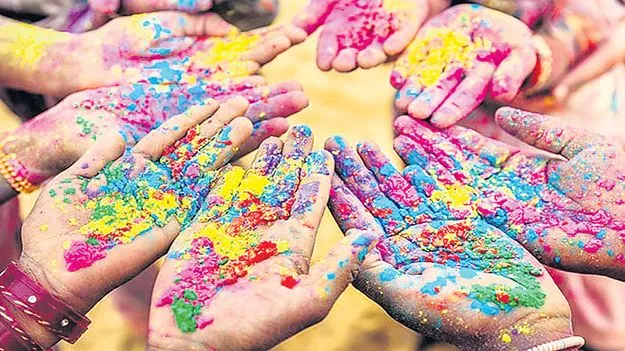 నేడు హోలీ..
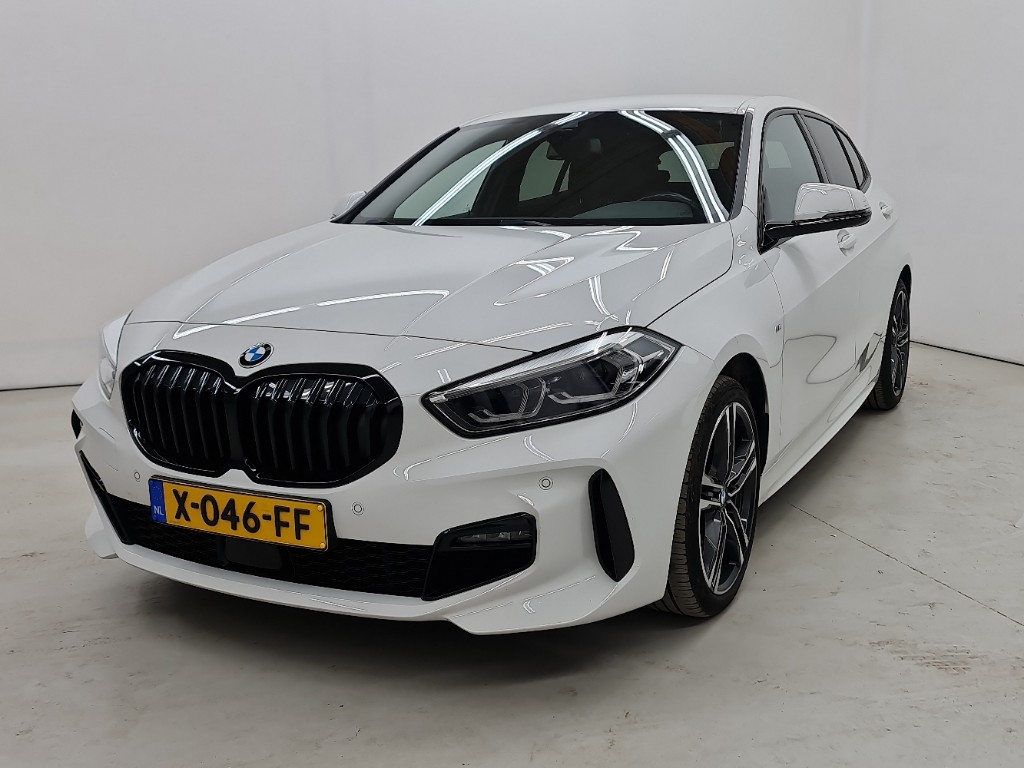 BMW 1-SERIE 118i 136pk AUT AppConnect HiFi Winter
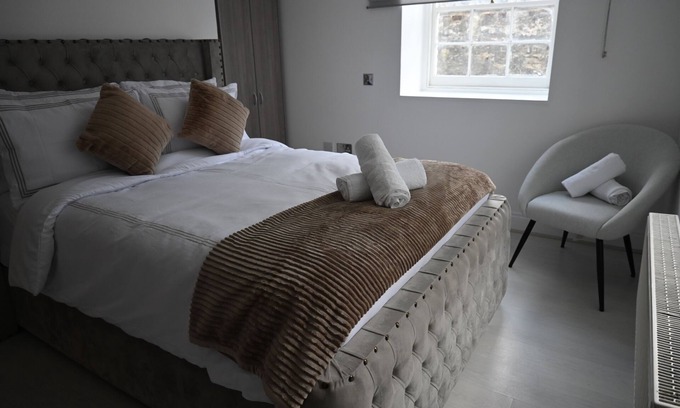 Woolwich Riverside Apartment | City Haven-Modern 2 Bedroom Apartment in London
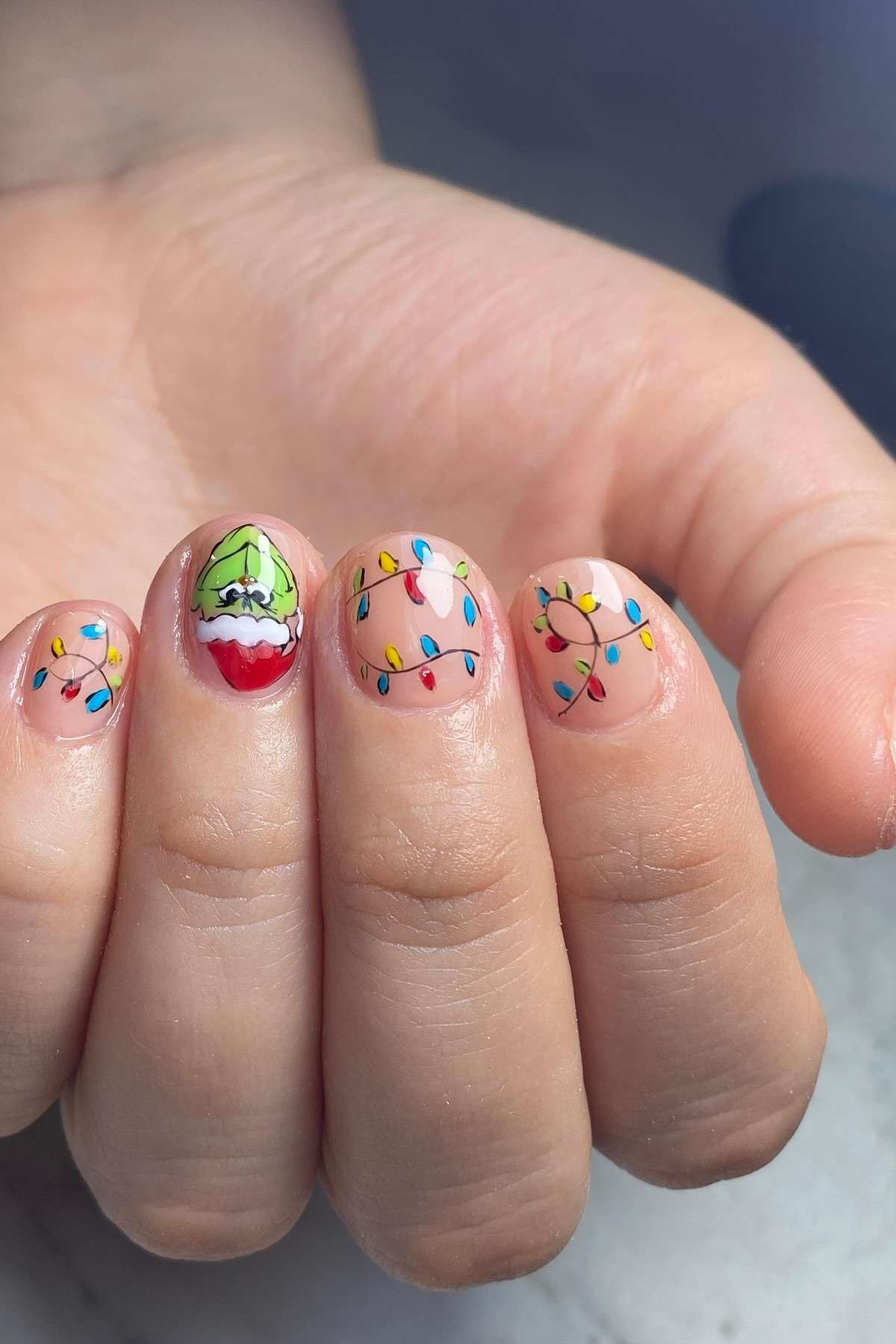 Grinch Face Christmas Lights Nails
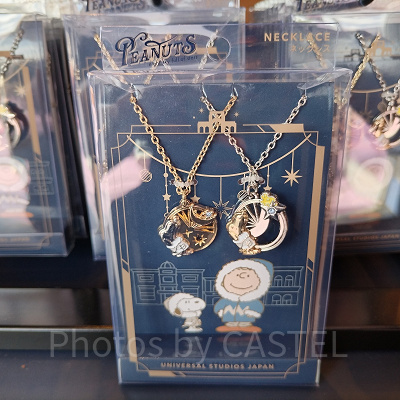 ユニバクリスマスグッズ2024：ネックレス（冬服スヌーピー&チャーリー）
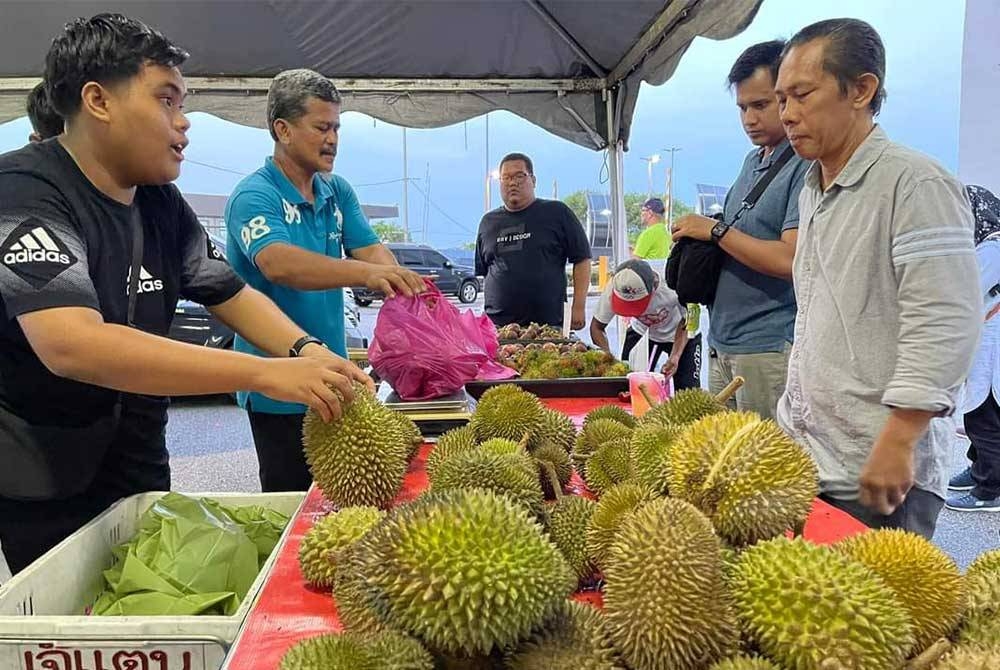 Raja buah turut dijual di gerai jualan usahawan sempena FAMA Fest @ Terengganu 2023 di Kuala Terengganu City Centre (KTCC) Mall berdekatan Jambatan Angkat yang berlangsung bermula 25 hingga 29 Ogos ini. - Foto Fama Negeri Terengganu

- - -

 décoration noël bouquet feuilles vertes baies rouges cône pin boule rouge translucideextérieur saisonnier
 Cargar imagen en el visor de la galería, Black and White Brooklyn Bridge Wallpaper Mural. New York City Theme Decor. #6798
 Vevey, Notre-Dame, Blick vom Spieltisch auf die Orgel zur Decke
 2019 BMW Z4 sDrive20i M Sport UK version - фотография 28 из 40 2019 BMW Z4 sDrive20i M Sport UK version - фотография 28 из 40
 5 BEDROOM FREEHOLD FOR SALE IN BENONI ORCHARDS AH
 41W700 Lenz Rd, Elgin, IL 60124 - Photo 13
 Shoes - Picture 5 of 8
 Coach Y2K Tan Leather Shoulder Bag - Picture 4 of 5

- - -

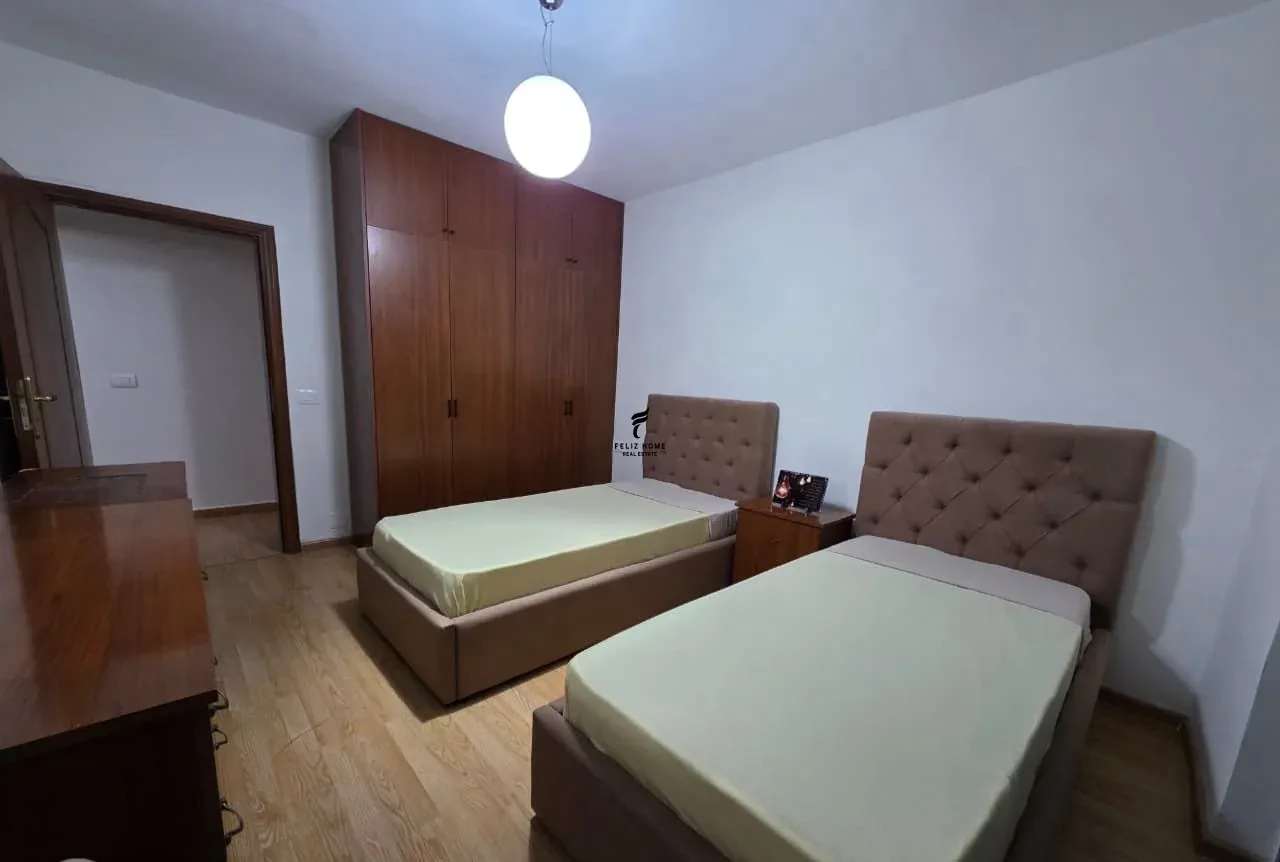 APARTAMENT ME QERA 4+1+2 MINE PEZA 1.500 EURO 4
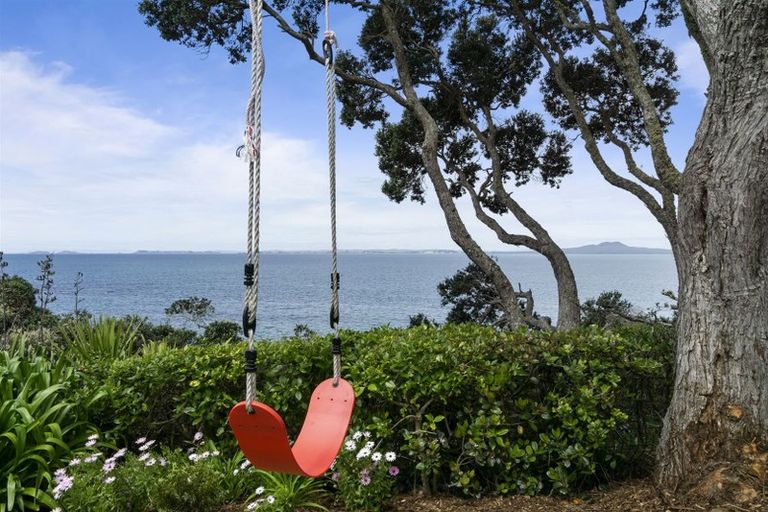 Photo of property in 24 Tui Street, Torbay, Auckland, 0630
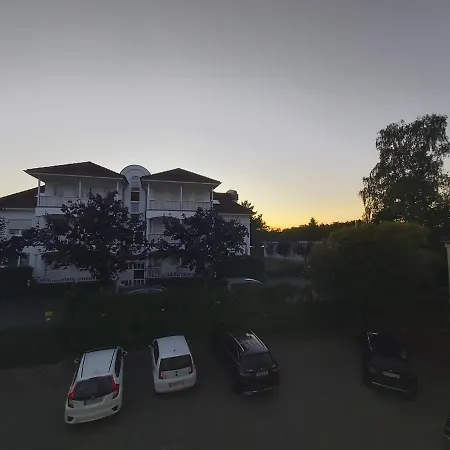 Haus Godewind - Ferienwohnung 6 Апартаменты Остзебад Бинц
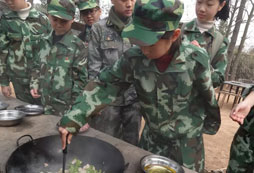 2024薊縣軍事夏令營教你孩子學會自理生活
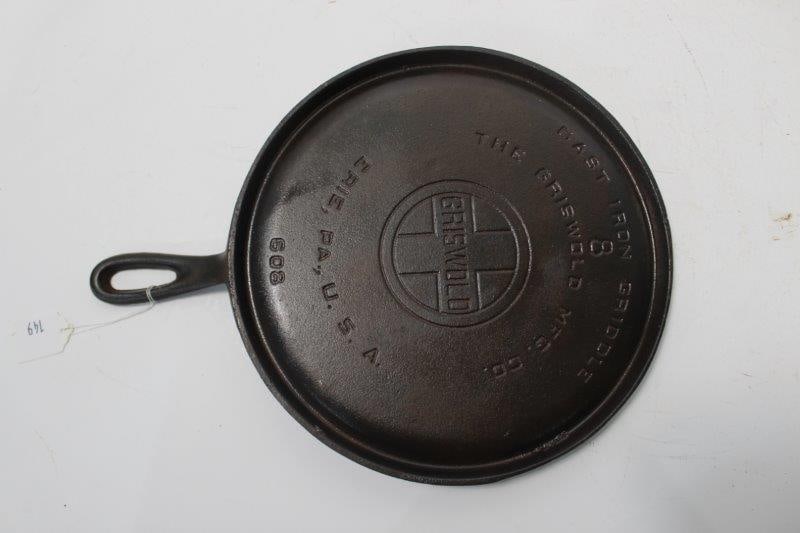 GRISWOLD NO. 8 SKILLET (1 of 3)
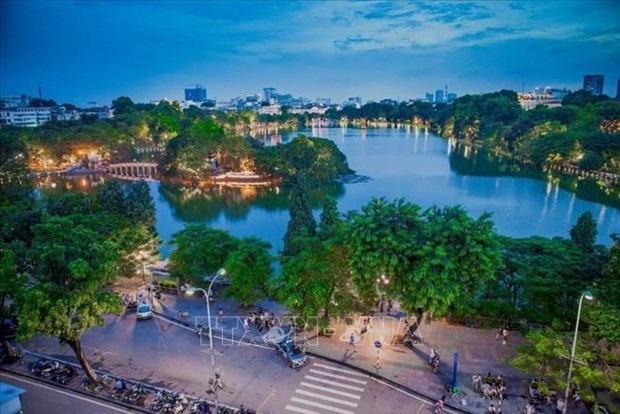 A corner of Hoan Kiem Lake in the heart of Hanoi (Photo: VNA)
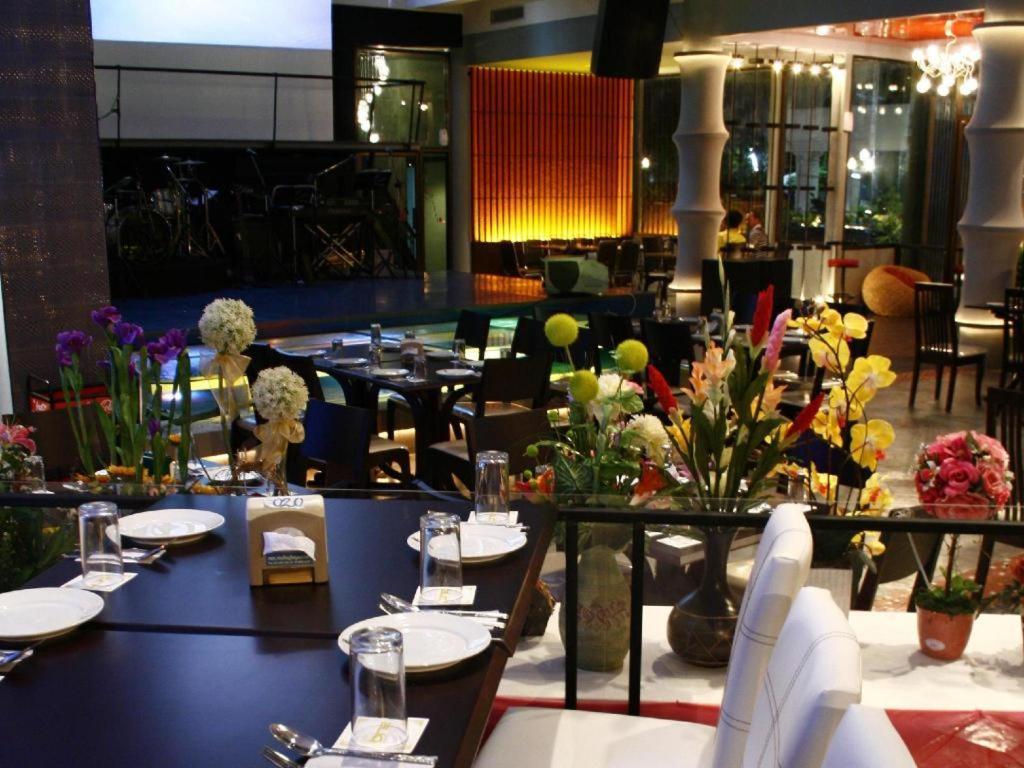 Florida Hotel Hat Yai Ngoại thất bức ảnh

- - -

# TASK TO COMPLETE:
Everything above from the line containing "BMW 1-SERIE 118i" through the line containing "ユニバクリスマスグッズ2024：ネックレス（冬服スヌーピー&チャーリー）" must be repeated exactly, and the pictures must be left out.

# WRITTEN SOLUTION:
 BMW 1-SERIE 118i 136pk AUT AppConnect HiFi Winter
 Woolwich Riverside Apartment | City Haven-Modern 2 Bedroom Apartment in London
 Grinch Face Christmas Lights Nails
 ユニバクリスマスグッズ2024：ネックレス（冬服スヌーピー&チャーリー）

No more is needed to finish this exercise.